# GOAL OF THE EXERCISE
Write out each record in full and exactly as given. Skip any pictures.

# ENTRIES SHOWN
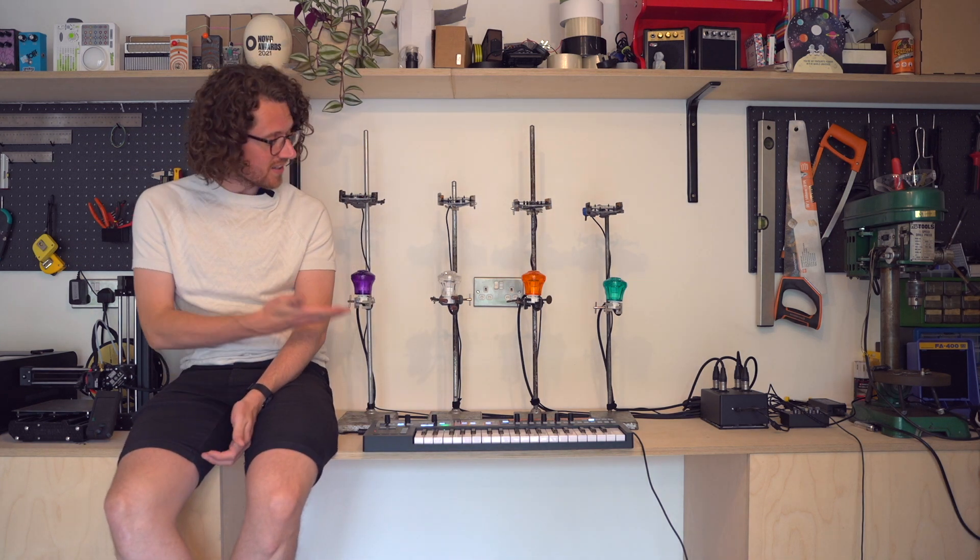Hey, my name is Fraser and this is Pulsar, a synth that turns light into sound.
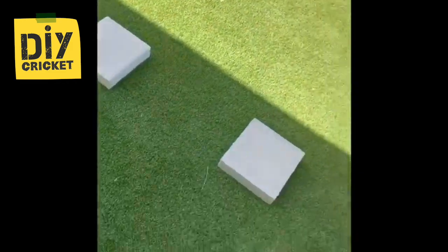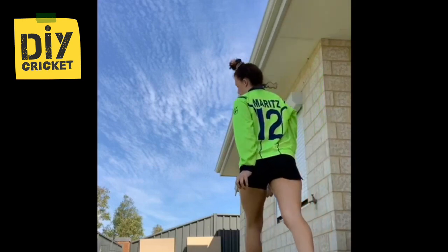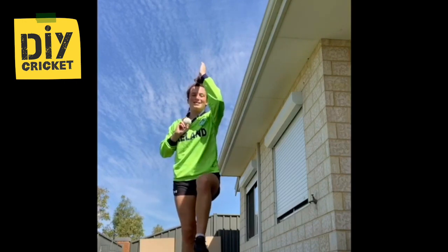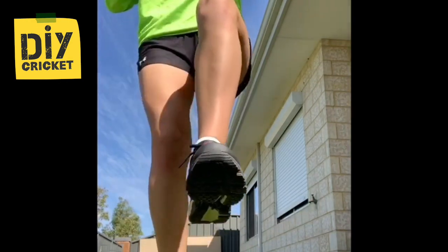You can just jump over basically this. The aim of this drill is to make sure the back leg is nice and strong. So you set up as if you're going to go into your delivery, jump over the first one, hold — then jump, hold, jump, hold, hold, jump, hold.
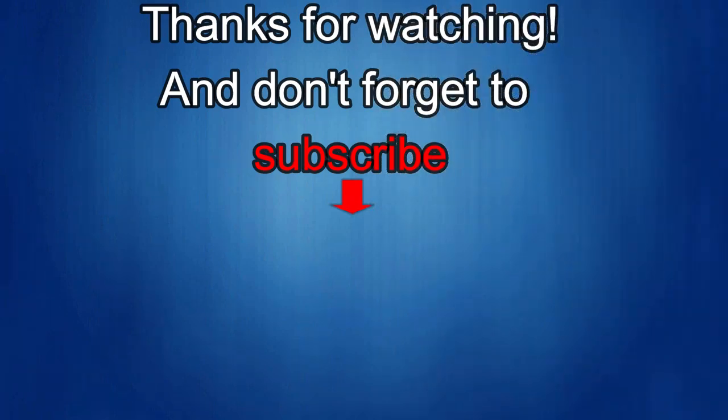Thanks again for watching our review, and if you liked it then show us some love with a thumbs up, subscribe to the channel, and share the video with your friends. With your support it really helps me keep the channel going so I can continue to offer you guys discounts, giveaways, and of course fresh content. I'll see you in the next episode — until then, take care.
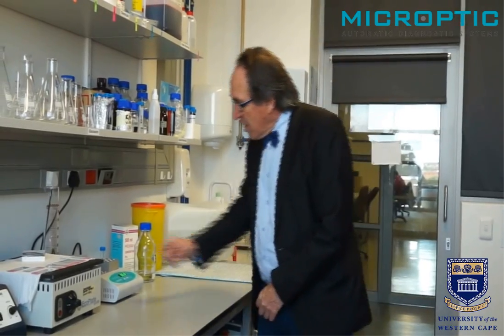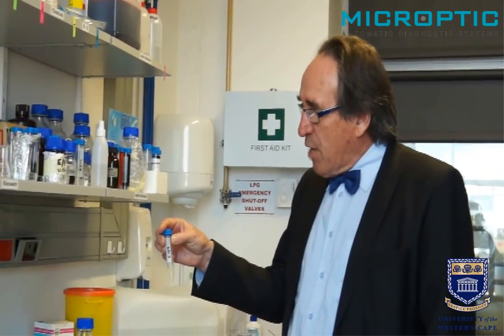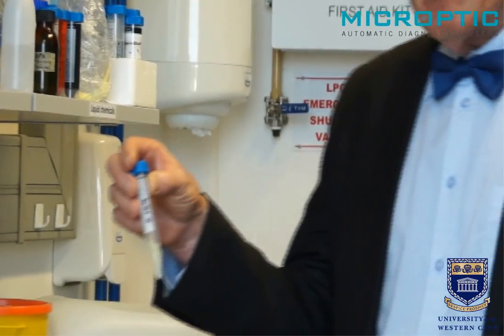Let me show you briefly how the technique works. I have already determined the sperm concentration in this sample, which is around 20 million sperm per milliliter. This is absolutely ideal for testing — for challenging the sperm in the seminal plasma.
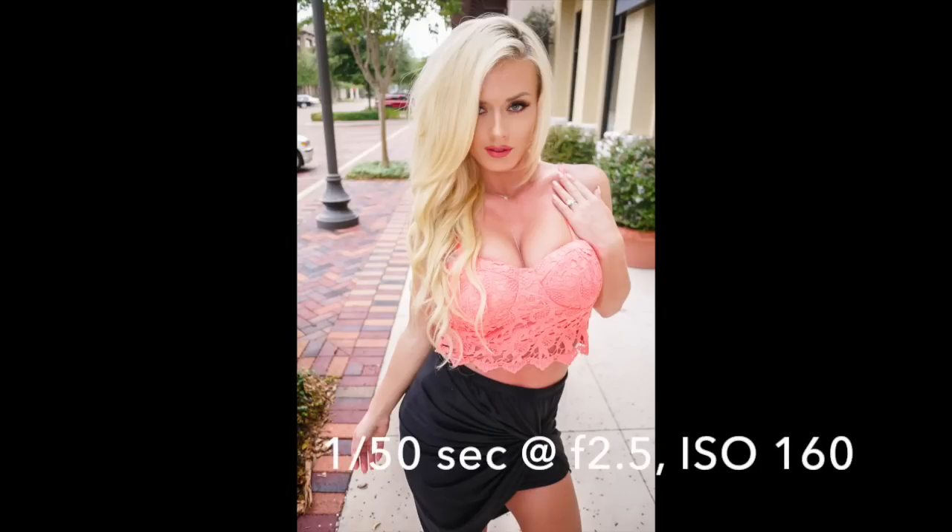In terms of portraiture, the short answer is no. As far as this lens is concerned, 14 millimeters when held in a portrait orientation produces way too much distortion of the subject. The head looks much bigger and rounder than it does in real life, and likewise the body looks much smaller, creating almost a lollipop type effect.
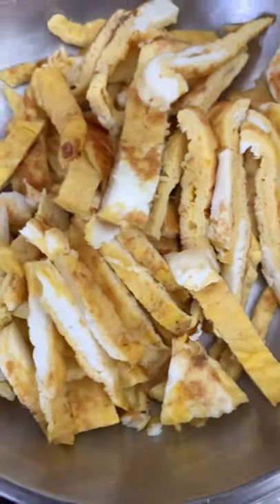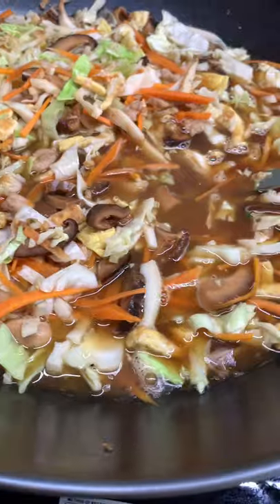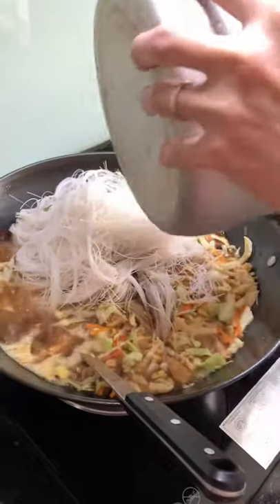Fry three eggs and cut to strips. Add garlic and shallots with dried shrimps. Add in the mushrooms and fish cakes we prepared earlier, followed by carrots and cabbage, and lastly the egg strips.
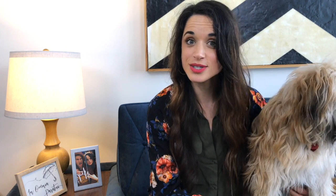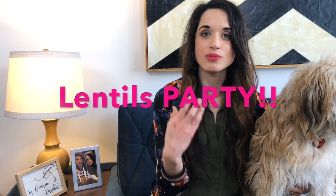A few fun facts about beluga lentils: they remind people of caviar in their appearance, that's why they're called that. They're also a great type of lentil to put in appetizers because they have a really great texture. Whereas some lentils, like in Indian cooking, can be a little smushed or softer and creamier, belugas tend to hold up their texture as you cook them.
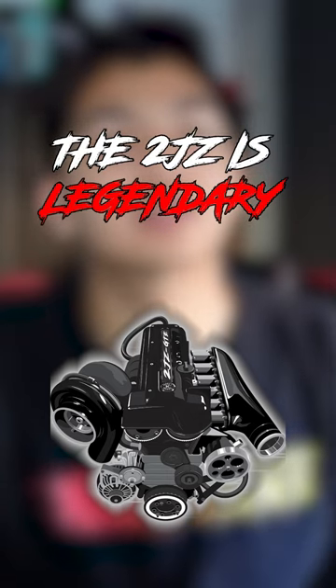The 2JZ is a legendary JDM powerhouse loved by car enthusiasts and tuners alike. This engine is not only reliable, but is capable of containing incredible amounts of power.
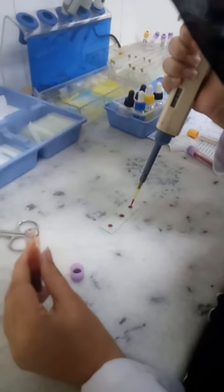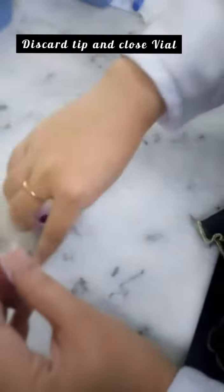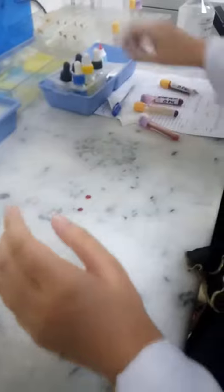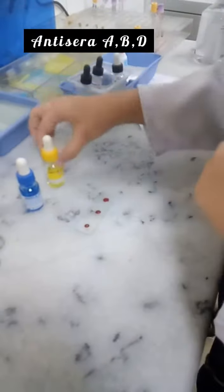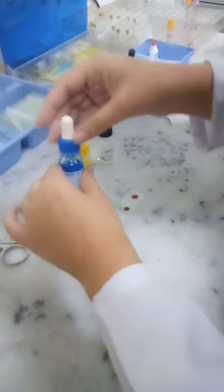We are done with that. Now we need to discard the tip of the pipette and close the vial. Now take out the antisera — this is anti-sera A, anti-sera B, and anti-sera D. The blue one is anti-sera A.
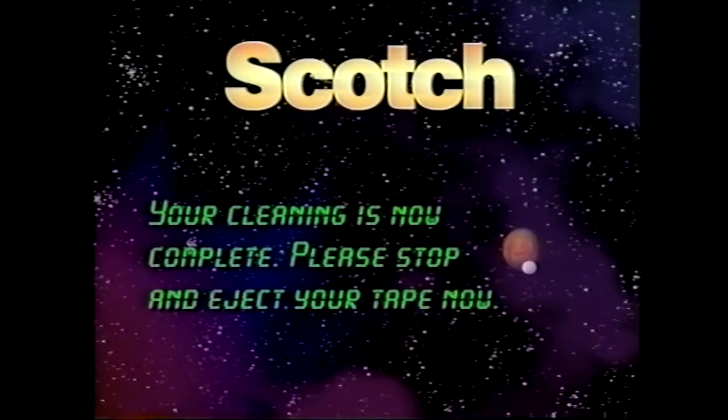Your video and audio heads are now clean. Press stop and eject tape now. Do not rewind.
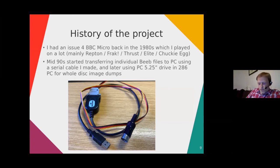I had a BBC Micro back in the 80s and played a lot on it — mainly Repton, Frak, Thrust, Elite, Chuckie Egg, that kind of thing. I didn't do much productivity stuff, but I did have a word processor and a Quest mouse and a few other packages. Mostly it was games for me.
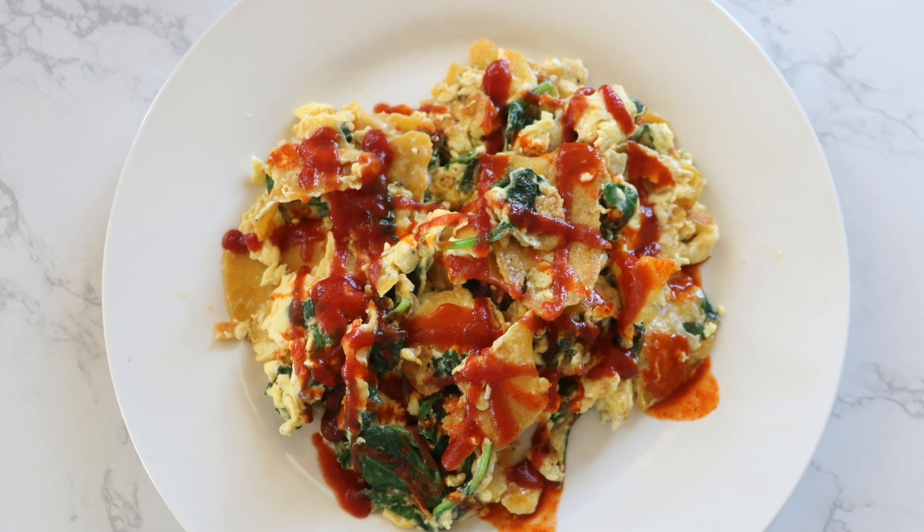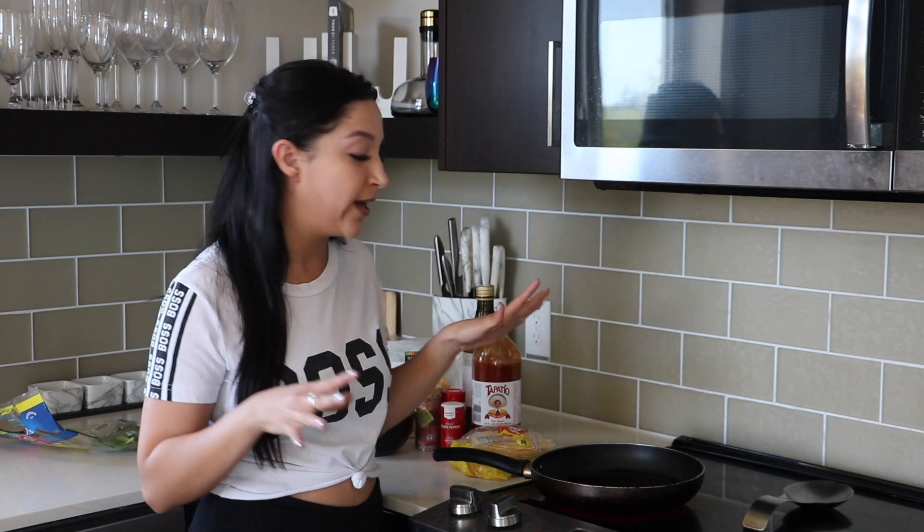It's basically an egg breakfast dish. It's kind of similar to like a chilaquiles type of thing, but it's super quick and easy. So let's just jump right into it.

# TASK ANSWER
Hey, my name is Fraser and this is Pulsar, a synth that turns light into sound.
You can just jump over basically this. The aim of this drill is to make sure the back leg is nice and strong. So you set up as if you're going to go into your delivery, jump over the first one, hold — then jump, hold, jump, hold, hold, jump, hold.
Thanks again for watching our review, and if you liked it then show us some love with a thumbs up, subscribe to the channel, and share the video with your friends. With your support it really helps me keep the channel going so I can continue to offer you guys discounts, giveaways, and of course fresh content. I'll see you in the next episode — until then, take care.
Let me show you briefly how the technique works. I have already determined the sperm concentration in this sample, which is around 20 million sperm per milliliter. This is absolutely ideal for testing — for challenging the sperm in the seminal plasma.
In terms of portraiture, the short answer is no. As far as this lens is concerned, 14 millimeters when held in a portrait orientation produces way too much distortion of the subject. The head looks much bigger and rounder than it does in real life, and likewise the body looks much smaller, creating almost a lollipop type effect.
Fry three eggs and cut to strips. Add garlic and shallots with dried shrimps. Add in the mushrooms and fish cakes we prepared earlier, followed by carrots and cabbage, and lastly the egg strips.
A few fun facts about beluga lentils: they remind people of caviar in their appearance, that's why they're called that. They're also a great type of lentil to put in appetizers because they have a really great texture. Whereas some lentils, like in Indian cooking, can be a little smushed or softer and creamier, belugas tend to hold up their texture as you cook them.
The 2JZ is a legendary JDM powerhouse loved by car enthusiasts and tuners alike. This engine is not only reliable, but is capable of containing incredible amounts of power.
We are done with that. Now we need to discard the tip of the pipette and close the vial. Now take out the antisera — this is anti-sera A, anti-sera B, and anti-sera D. The blue one is anti-sera A.
Your video and audio heads are now clean. Press stop and eject tape now. Do not rewind.
I had a BBC Micro back in the 80s and played a lot on it — mainly Repton, Frak, Thrust, Elite, Chuckie Egg, that kind of thing. I didn't do much productivity stuff, but I did have a word processor and a Quest mouse and a few other packages. Mostly it was games for me.
It's basically an egg breakfast dish. It's kind of similar to like a chilaquiles type of thing, but it's super quick and easy. So let's just jump right into it.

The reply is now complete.